# Arrests

## Introduction
For this project, I looked for the best neighborhood in Pittsburgh through analyzing police arrest data. I chose this data set because arrests and the safety of a neighborhood go hand in hand, with the city having the least arrests being safest.

## The Metric
My metric was the number of arrests in a neighborhood. I wanted to find the neighborhood with the least number of arrests. I used data from https://data.wprdc.org/dataset/arrest-data/resource/e03a89dd-134a-4ee8-a2bd-62c40aeebc6f, which has information on each arrest made in Pittsburgh.

## The Best Neighborhood
To find the best neighborhood based on arrest data, I first had to read the information in the dataset.

In [None]:
import pandas as pd
import matplotlib.pyplot as plt
%matplotlib inline

#store the dataset into a variable
arrest_data = pd.read_csv("arrests.csv")
#view the data set
arrest_data

I believe Mt. Oliver Neighborhood is the best neighborhood because it has the least number of arrests.
Evindently, we do not need all of the columns to properly interpret our dataset. To remove them, I wrote the following code:

In [None]:
#only include the column with details on the neighborhood where the incident occurred
arrest_data = arrest_data.filter(items=["INCIDENTNEIGHBORHOOD"])

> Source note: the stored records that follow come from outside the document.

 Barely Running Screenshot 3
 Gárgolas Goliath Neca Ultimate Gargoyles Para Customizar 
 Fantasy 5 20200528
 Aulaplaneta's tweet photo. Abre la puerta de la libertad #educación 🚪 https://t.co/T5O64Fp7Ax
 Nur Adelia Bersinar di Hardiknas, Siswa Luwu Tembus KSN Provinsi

#display the resulting DataFrame
arrest_data

We have each individual arrest but we still need to group them together by neighborhood so we can compare these neighborhoods

In [None]:
#gets the data series which has the number of times each neighborhood showed up in this data set
#also sorts it in ascending order to see which neighborhood has the least number of arrests at the top
arrests_by_neighborhood = arrest_data.value_counts(ascending=True)
#name the column with the number of arrests "arrests"
arrests_by_neighborhood = pd.DataFrame(arrests_by_neighborhood, columns=["arrests"])
#view the newly labeled data set
arrests_by_neighborhood
#convert to dictionary for future calculations
arrests_dict = arrests_by_neighborhood.to_dict()

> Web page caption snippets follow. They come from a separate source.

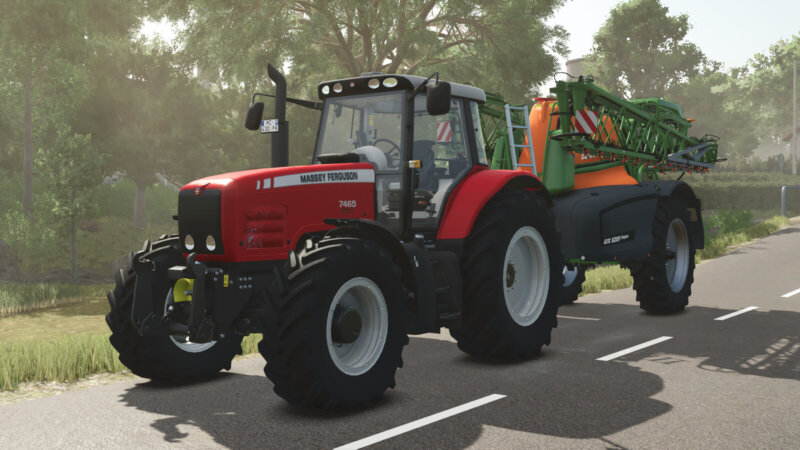 MF 7400 FS25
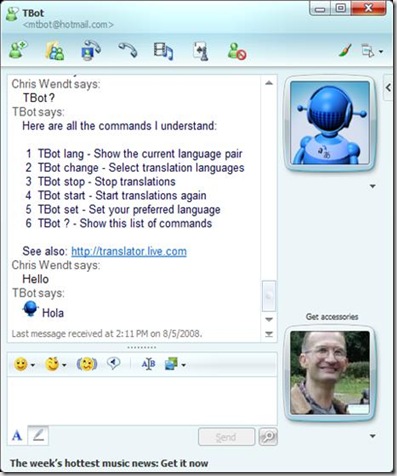 Windows Live Messenger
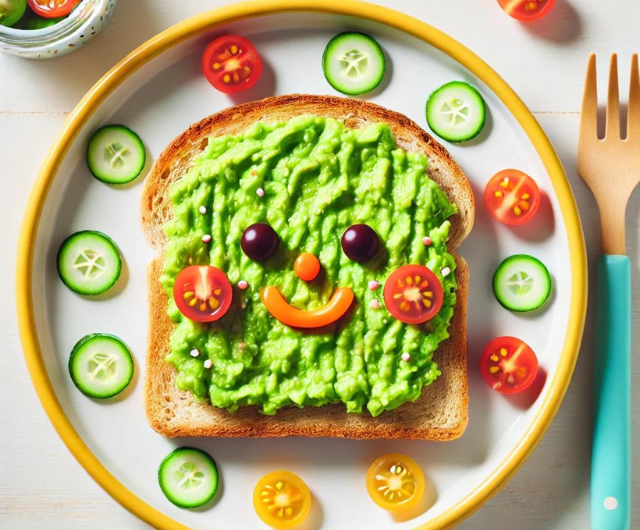 Organic Avocado Toast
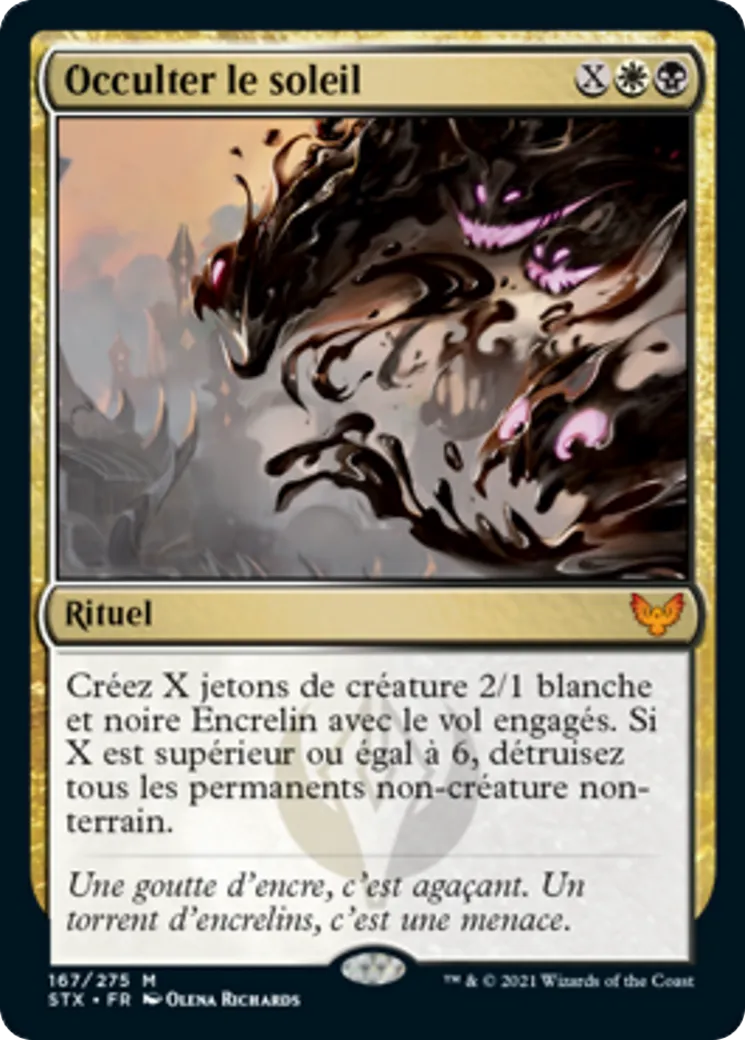 Occulter le soleil — Strixhaven: School of Mages — Magic: The Gathering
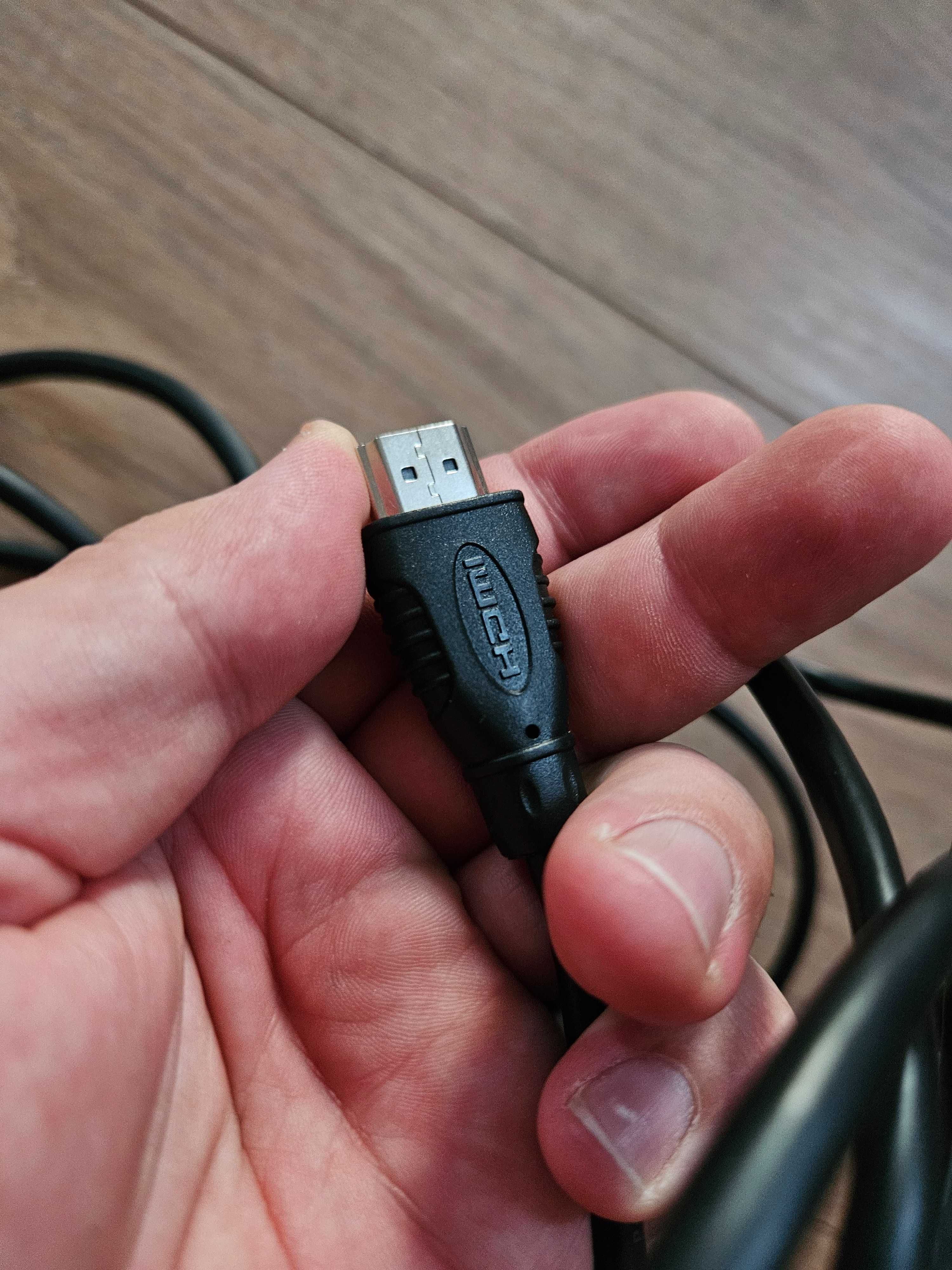 Kable HDMI nowe.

We can see that there are certain cities with much less arrests than others. By visualizing these findings, it's clear how significant this difference is.

In [None]:
#use a bar plot to visualize arrests by each neighborhood
arrests_by_neighborhood.plot.bar()

That's a pretty crowded x-axis, filtering out the neighborhoods with more arrests would help make this more readable.

In [None]:
#only include the values below 1500
arrests_by_neighborhood_mask = arrests_by_neighborhood["arrests"] < 1500
arrests_by_neighborhood[arrests_by_neighborhood_mask].plot.bar()

That's still too crowded.

In [None]:
#only include the values below 200
arrests_by_neighborhood_mask = arrests_by_neighborhood["arrests"] < 200
arrests_by_neighborhood[arrests_by_neighborhood_mask].plot.bar()

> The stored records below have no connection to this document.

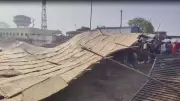 10 Injured as Temple Pandal Collapses in Telangana's Jagtial, Devotees Decry Arrangements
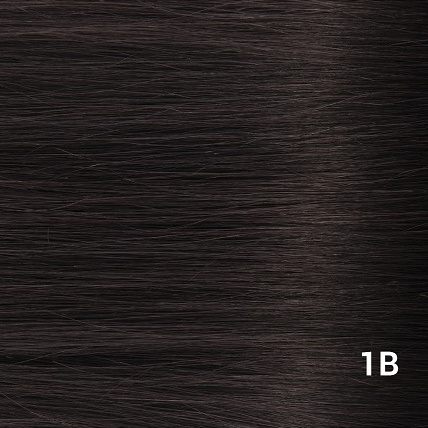 RedFox Clip-in Extensions - Body Wave - #1b Natural Black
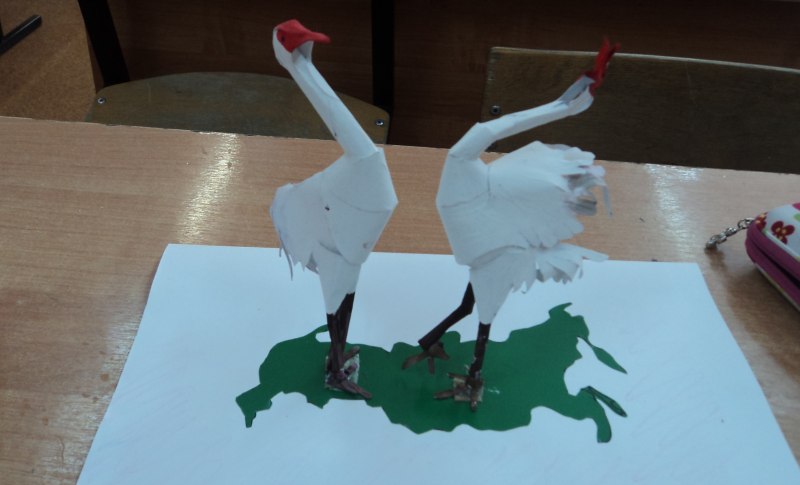 Конкурс белые Журавли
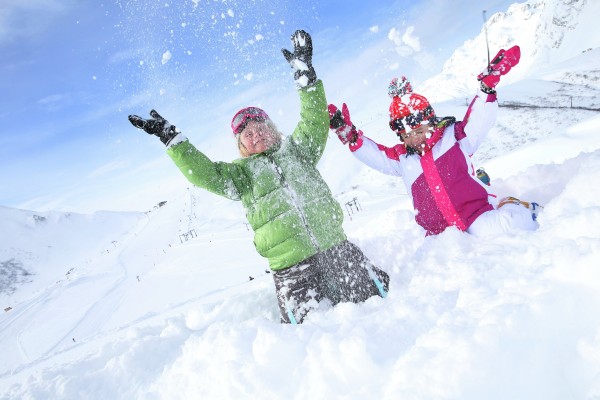 NATURE WINTER KIDS Ski Special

We can clearly see that the number of incidents per neighborhood varies widely.

Based on this data, it's clear that Mt. Oliver Neighborhood is the best neighborhood in Pittsburgh because it has the lowest number of arrests.

## Conclusion
Looking at these results, it appears that Mt. Oliver Neighborhood is the best neighborhood in Pittsburgh, as I predicted earlier. I believe that safety of a neighborhood is very important in determining if it is the best, and arrest rates are an accurate way of quantifying this. However, not all people arrested are guilty; some arrests are unwarranted, meaning that this data set could be biased.